Kiwi Tumbles On Dovish RBNZ, While Sterling Goes Nowhere Ahead Of BOE

The US dollar is consolidating in narrow trading against most of the major currencies as participants digest several developments ahead of what was expected to be the highlight today, the BOE meeting and US April CPI. The greenback's consolidation is giving it a heavier bias against most of the major currencies. The recently strong upside momentum has stalled, but the losses are modest and the euro and sterling are inside yesterday's ranges. The dollar briefly and barely popped above JPY110.  Some participants are picking a top to the greenback by buying the Canadian and Australian dollars.

Equities are mixed. The MSCI Asia Pacific Index rose 0.5% and the MSCI Emerging Markets Index is up 8% for a fourth consecutive advance. Recall the MSCI EM index has fallen in six of the past seven weeks including the last three. European shares are slightly heavier and the Dow Jones Stoxx 600  is putting at risk the four-day advancing streak. Still, it is closing in on its seventh weekly advance. Major bond markets are little changed, with Italy, as we noted trading heavier in the wake of the political developments. The US 10-year yield is steady a little below 3%. Oil is extending its gains.

The Reserve Bank of New Zealand sent the New Zealand dollar sharply lower as the new governor sounded an unexpectedly dovish note. The election result in Malaysia led to a defeat of the ruling party that has led the government for more than 60 years. In Italy, Berlusconi has dropped his opposition to a government by the Five Star Movement and the Northern League. If a deal can be struck, a technocrat government or new elections can be avoided. 

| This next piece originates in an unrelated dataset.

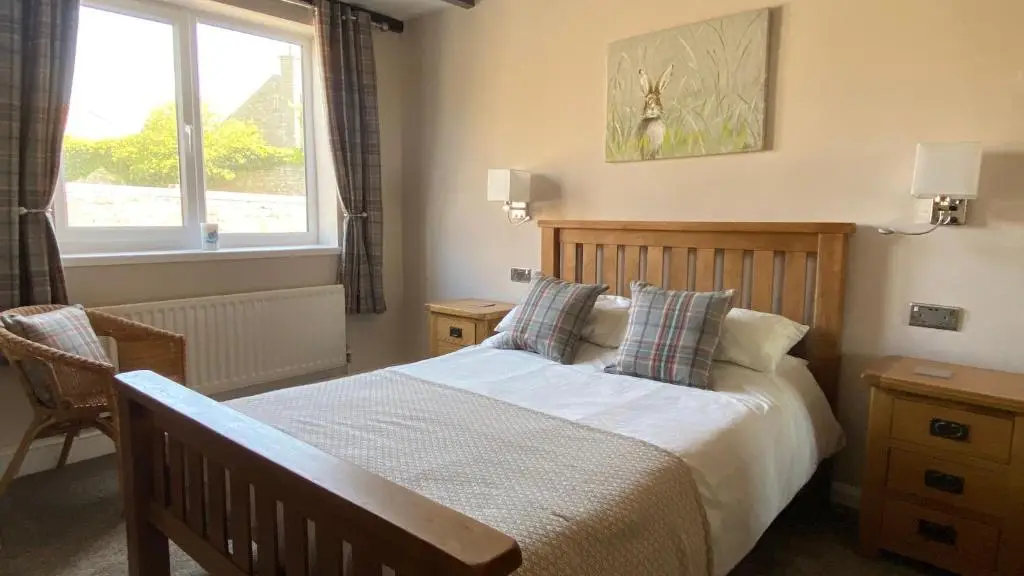 Butterchurn Guest House_Otterburn_slider_image_2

At his first meeting since becoming Governor of the Reserve Bank of New Zealand, Orr pushed in a dovish direction even though the cash rate was left unchanged at 1.75%. The first rate hike was pushed out from Q2 2019 to Q3. The estimate for Q1 GDP was shaved to 0.7% from the 0.8% forecast made in February. Perhaps most importantly, or seemed to replace the tightening bias with a neutral stance, saying that the next move in interest rates could be up or down.